Hot on the planet – should WONCA be considering sustainable travel policies?

The WONCA Executive has just met in Bangkok for its annual business meeting. This destination was chosen after detailed comparative cost appraisal, and gave us the added advantage of seeing our Secretariat in action on its home territory. It was a great meeting, very well organised and supported by the CEO and Dr. Nongluck, Arisa and Bee, all of whom are doing a very committed and hardworking job for our organizations. It was also a great pleasure to see all my fellow members of Executive, and to have the chance for some in-depth business discussions and challenging debates.

The President and I also visited the Department of Family Medicine at Prince Mahidol University and had the pleasure of a long question and answer session with 40 of their residents, as well as seeing their new building and the professors who are leading this excellent unit.

Nothing can replace that kind of face to face contact, nor the relationships we built over the visit. But as I looked out of my hotel window over the hovering smog of air pollution that lies on the city at dawn and dusk, or sat surrounded by cars and motorbikes on the 1.5 hour journey in from the airport (see photo), I did begin to worry about the right balance of international travel for delivery of our objectives.

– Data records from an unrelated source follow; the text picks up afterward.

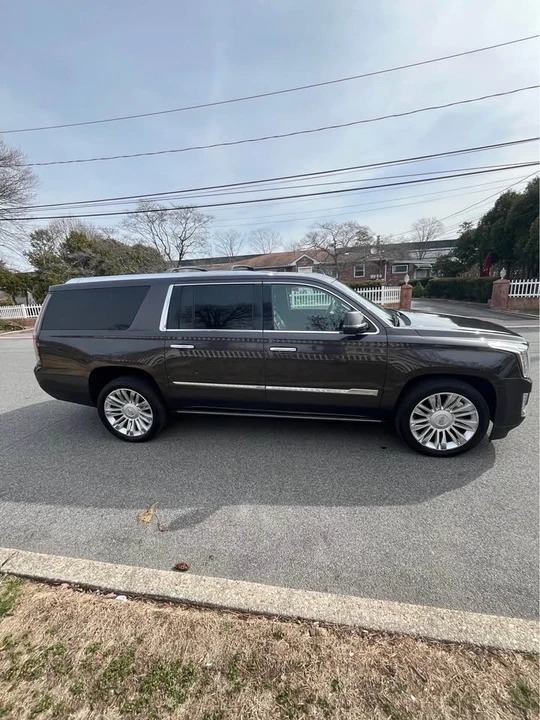 2015 Cadillac Escalade 4th Gen - Image 5 of 14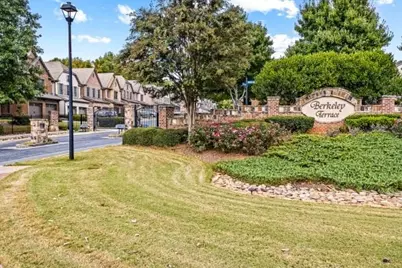 4906 Berkeley Oak Circle, Peachtree Corners, GA 30092 - Photo 16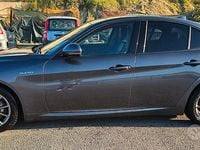 Usata Alfa Romeo Giulia 160 CV (117 kW) 2020 Grigio Berlina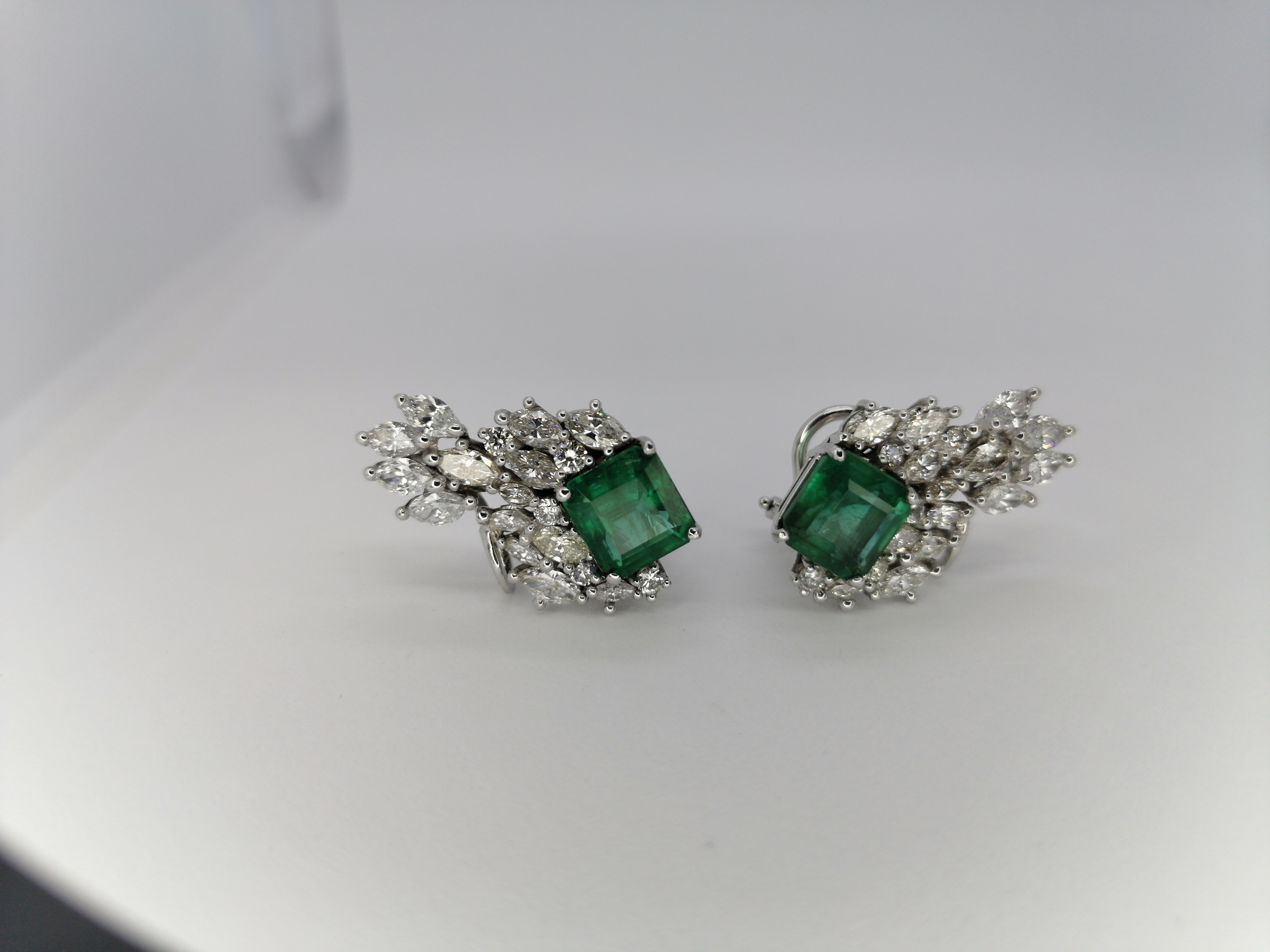 Emerald Cut IGI ANTWERP Carat Natural Emerald Marquise Diamond Earrings 18 Karat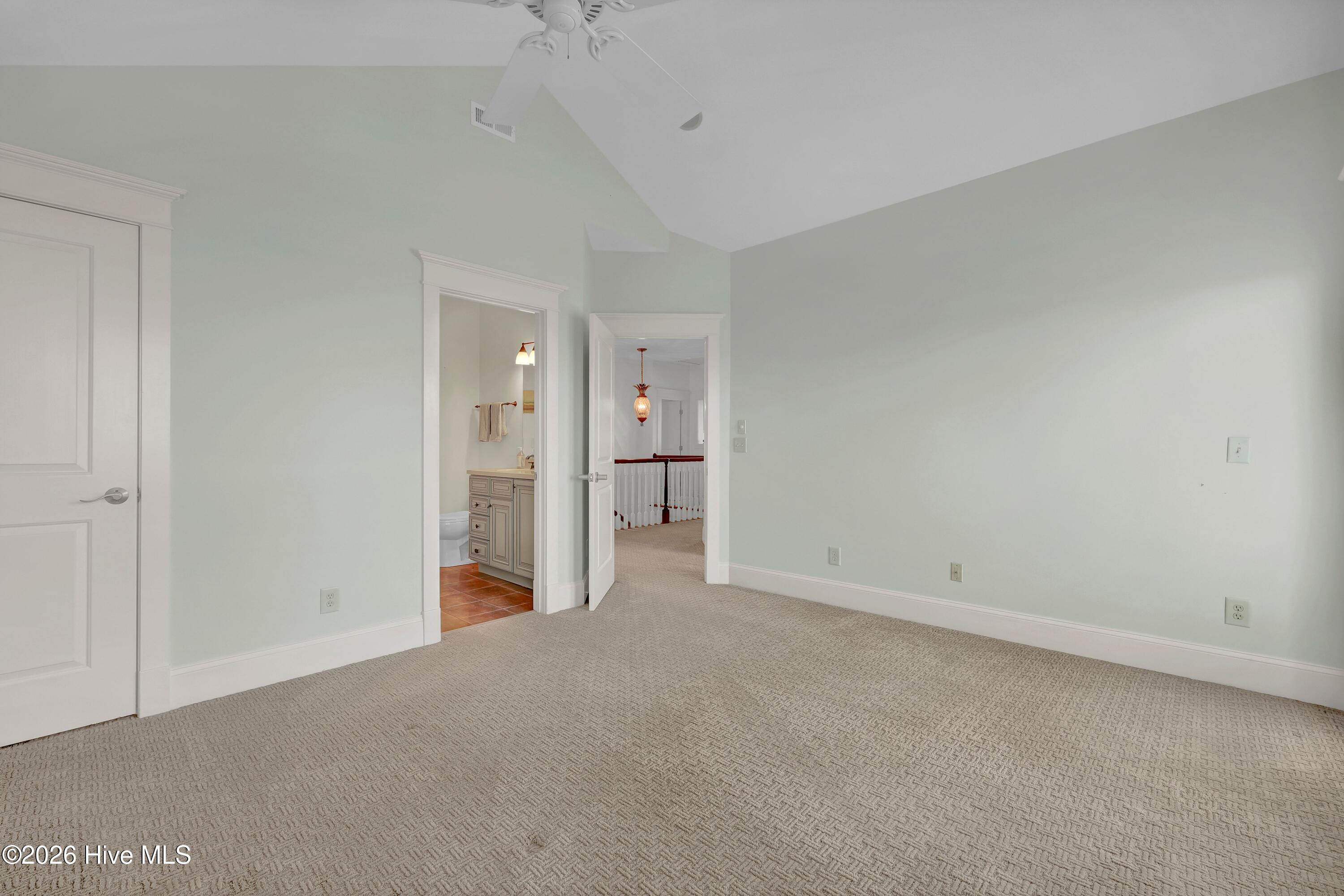 100569484 | Photo 57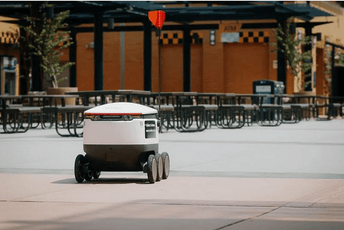 (VIDEO) Roboti za dostavljanje hrane na meti pljačkaša u Americi (VIDEO) Roboti za dostavljanje hrane na meti pljačkaša u Americi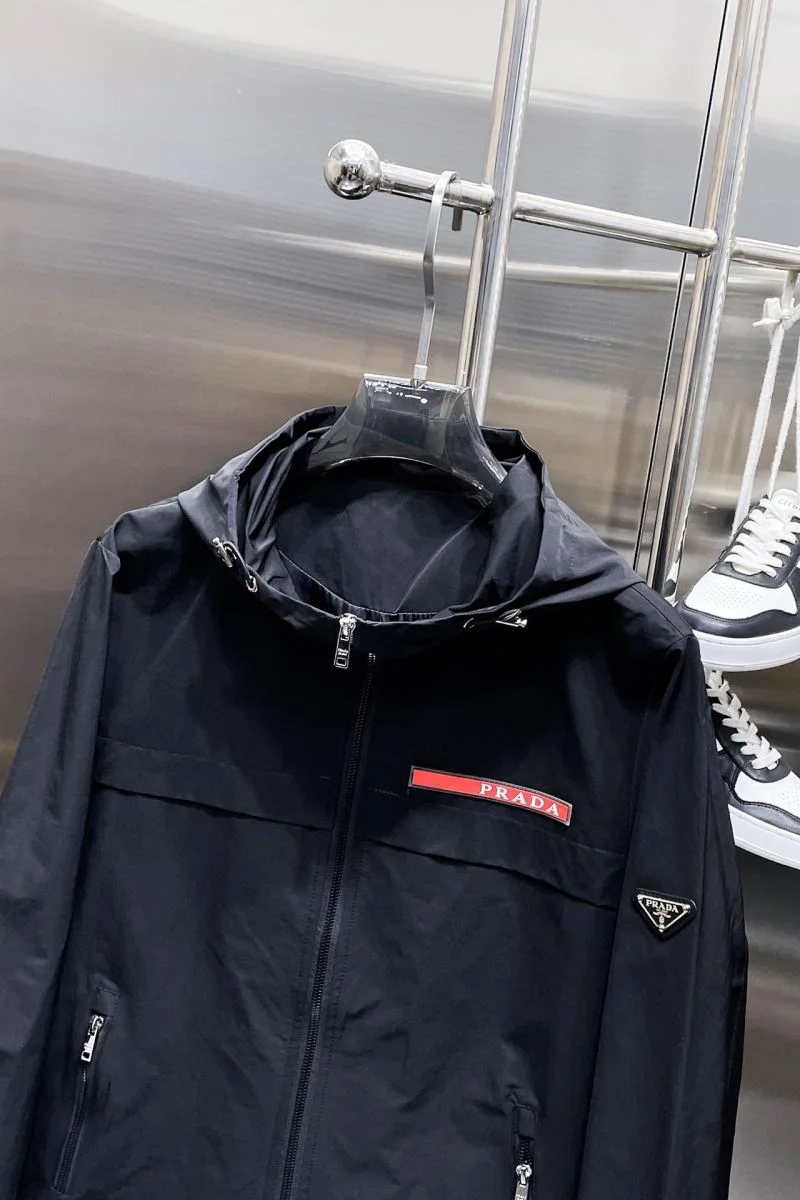 Lightweight Prada Outwear 167367
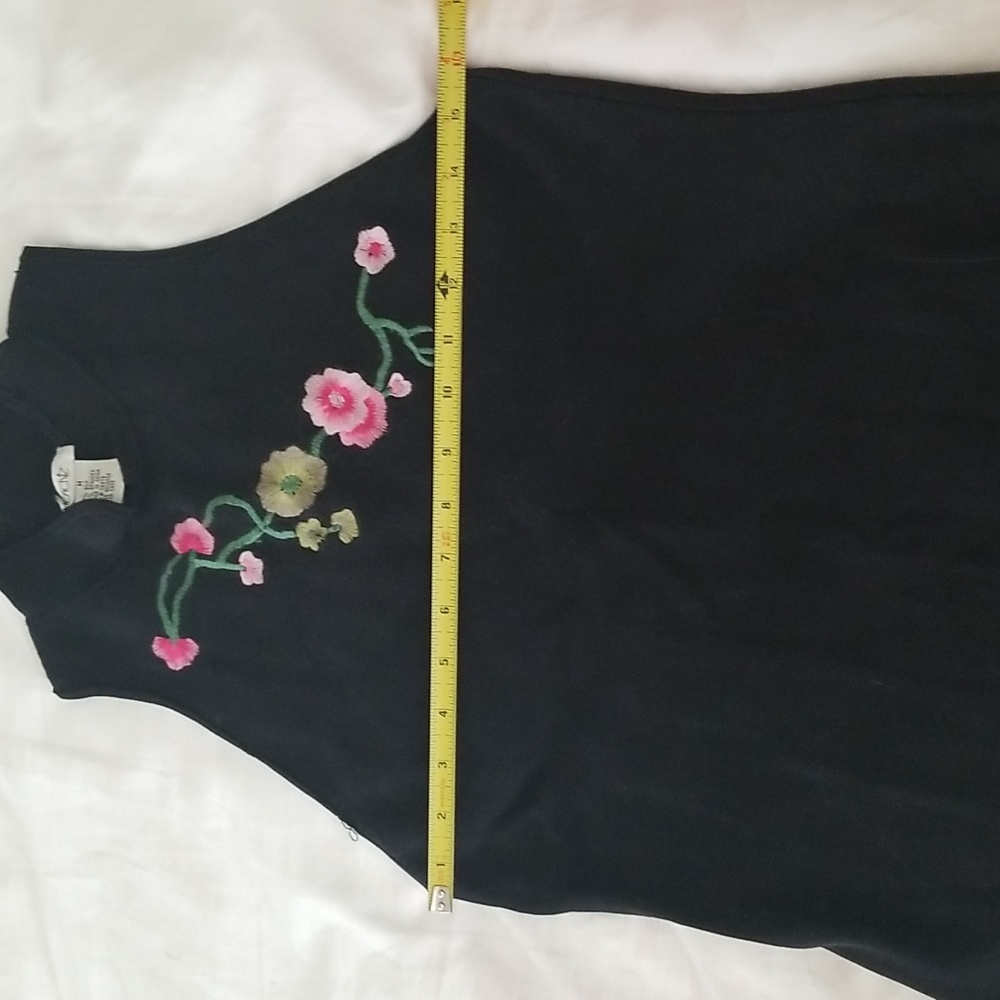Vintage Cache sleeveless black shirt with collar and floral embroidery (M) - Picture 4 of 9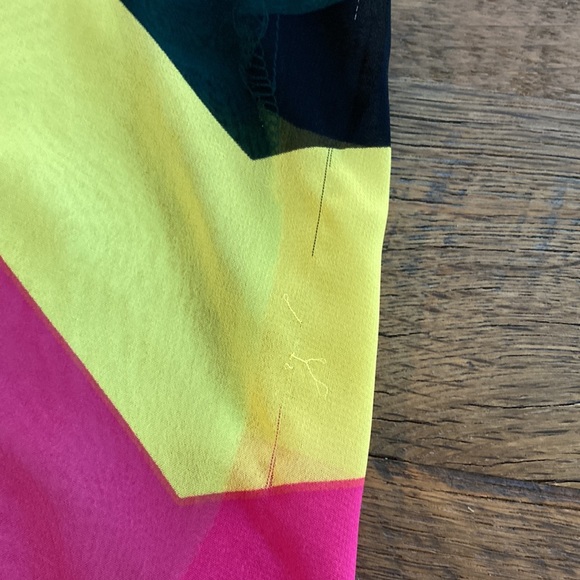 Medium sheer Tank top - Picture 3 of 4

There are three issues to set against the wonderful opportunities of working in a global organization – personal demand of travel (time away from home and workplace, health risks); financial costs; and environmental impact. The last of these is probably the most pressing, as many of our countries are seeing extremes of weather due to global warming, and the low income countries of course lose out the most when there is an environmental disaster – whether flood or drought, poverty and poor infrastructure exacerbates the problem and this impacts on health(1). So I would argue that we must think about sustainability when we consider WONCA travel for business.

Yet our trade is in interpersonal contact, and our forms of working are largely through conferences, meetings, and educational development visits (such as study trips, accreditation, and faculty development events). As President-Elect, I have already enjoyed a number of trips to others’ countries as their guest and speaker / expert resource, and have noted the disappointment when I have had to decline meeting invitations. At one level I would like to be, as the song says , “Everywhere … all the time”, but this is not going to be feasible, nor good for the WONCA budget or the planet!

So I am writing this to start a bit of a debate, and also to consider other ways of being present without always needing to fly and stay.

I recall in Ukraine in 2013 they linked postgraduate centres from all parts of the country into the national conference plenaries, with delegates visible to the speakers and able to participate in question sessions. My university and the Caribbean College of Family Physicians have allowed me my first experiment in making a film of a keynote lecture, so that (hopefully!) I can sit in one of our College offices and do a Q&A via the Web, after colleagues have watched me do my talk: ‘live’, projected on the screens in an auditorium just as it would be if I were there - but made a month ago! I have offered a similar option to another colleague later this year at a point where I cannot attend in person. And we have the wonders of being able to meet without meeting (SKYPE, GoToMeeting), plus social media where we can live in each others’ pockets from all sides of the world if we so wish!

A similar discussion is going on about how to use new technologies in clinical care – can I safely save the patient a 20 mile journey and half a day of absence from work if I organize to do their diabetes check-up over SKYPE? Will the Internet allow me to transmit photos or test results to colleagues to get a rapid opinion so that I can avoid sending a patient to the hospital? When should I travel to the patient and when should they come to me? And so on…

In conclusion, I think we do need to meet for many reasons – we are human beings, and we can only get an in-depth appreciation of the needs of a situation such as a consultation, a teaching seminar, or a professional discussion, when able to interact and be spontaneous together. But perhaps we also should evaluate who, where, how often, and what are the alternatives – plus, what is most cost-effective – can the resources be better used for other purposes? What would a WONCA policy on sustainable travel need to say? This will no doubt be an ongoing discussion and moral issue for us all.